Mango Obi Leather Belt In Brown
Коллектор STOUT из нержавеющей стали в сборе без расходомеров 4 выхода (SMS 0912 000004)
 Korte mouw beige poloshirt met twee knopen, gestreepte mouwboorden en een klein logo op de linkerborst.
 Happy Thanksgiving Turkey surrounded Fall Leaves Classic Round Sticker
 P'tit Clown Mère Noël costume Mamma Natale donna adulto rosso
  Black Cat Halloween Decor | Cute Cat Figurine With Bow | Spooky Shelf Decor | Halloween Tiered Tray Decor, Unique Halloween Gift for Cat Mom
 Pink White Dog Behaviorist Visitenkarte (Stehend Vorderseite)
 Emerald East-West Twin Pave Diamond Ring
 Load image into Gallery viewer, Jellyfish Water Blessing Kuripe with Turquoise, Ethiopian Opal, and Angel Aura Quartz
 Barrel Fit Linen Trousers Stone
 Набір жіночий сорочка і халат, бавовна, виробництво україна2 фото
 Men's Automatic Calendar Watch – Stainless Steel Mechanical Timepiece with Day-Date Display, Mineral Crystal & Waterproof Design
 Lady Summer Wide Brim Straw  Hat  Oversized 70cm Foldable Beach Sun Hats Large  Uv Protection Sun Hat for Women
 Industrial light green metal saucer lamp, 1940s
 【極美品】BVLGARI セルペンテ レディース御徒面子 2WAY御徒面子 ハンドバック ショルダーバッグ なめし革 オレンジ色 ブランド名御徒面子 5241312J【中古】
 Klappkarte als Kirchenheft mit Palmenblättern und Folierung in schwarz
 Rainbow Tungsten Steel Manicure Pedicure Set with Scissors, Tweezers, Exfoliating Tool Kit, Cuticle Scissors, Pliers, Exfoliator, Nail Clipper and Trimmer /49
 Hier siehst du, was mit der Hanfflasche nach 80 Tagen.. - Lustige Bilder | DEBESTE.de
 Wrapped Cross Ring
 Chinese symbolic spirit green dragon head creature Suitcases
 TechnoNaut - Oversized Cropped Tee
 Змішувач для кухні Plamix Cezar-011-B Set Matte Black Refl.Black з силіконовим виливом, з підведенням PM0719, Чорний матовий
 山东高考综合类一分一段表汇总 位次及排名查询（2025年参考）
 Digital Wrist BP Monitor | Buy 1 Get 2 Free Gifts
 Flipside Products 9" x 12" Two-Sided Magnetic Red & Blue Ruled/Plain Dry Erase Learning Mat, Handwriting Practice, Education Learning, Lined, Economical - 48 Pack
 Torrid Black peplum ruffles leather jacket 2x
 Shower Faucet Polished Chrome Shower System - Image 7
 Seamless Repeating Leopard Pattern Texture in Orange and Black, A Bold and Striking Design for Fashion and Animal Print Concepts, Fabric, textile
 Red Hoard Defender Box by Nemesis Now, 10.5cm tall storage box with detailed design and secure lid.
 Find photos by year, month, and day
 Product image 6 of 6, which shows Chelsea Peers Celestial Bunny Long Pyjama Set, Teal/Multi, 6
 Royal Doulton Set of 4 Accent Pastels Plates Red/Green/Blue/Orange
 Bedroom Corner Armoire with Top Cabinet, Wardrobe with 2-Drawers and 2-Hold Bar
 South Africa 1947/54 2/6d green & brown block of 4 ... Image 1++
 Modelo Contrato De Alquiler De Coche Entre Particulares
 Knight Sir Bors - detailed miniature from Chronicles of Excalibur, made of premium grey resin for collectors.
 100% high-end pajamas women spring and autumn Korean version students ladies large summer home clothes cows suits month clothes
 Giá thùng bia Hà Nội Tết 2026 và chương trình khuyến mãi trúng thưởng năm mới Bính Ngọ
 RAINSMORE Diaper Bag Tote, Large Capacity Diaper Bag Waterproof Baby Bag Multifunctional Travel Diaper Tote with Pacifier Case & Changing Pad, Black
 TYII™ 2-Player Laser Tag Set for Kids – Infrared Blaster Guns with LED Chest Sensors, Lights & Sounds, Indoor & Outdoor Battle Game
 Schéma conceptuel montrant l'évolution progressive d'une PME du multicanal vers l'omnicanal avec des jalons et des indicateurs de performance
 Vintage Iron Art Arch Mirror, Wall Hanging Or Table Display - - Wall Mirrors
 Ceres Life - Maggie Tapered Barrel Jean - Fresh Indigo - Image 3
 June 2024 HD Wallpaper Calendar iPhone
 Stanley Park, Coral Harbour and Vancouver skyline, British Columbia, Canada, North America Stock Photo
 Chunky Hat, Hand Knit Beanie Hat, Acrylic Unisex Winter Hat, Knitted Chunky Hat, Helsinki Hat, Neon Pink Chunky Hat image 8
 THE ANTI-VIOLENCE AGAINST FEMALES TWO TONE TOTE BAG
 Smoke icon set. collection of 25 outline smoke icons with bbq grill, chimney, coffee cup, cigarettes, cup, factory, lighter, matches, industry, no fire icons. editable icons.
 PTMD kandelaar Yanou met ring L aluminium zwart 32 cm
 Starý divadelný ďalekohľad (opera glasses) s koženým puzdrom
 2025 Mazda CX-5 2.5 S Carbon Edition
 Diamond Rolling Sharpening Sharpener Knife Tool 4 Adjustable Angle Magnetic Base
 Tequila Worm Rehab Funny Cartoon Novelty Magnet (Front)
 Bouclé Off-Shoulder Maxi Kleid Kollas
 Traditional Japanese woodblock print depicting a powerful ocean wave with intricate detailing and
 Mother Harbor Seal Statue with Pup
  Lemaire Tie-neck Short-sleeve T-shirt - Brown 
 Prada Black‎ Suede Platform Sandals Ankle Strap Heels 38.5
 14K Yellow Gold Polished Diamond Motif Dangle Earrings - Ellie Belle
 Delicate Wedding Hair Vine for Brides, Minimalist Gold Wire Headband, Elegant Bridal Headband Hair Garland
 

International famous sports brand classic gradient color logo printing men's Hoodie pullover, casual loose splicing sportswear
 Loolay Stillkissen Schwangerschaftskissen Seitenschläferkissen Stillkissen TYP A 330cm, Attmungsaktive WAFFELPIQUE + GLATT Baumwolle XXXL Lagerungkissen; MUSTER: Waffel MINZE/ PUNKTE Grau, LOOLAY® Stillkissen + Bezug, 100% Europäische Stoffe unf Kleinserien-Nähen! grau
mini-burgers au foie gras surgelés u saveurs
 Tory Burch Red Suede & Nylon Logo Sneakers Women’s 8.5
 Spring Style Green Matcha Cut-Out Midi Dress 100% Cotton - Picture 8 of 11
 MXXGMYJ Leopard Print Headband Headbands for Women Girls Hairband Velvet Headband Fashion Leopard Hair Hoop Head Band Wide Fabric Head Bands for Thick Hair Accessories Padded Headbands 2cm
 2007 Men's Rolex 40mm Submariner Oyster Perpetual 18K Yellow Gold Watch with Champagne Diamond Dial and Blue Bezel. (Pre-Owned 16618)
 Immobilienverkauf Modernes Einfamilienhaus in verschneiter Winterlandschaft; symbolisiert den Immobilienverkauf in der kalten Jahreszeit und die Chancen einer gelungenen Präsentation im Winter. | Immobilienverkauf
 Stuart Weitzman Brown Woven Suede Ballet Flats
::::::
**Exercise directions**
Give only the number of lines in the entries above that hold the string "Diamond".

**Exercise result**
4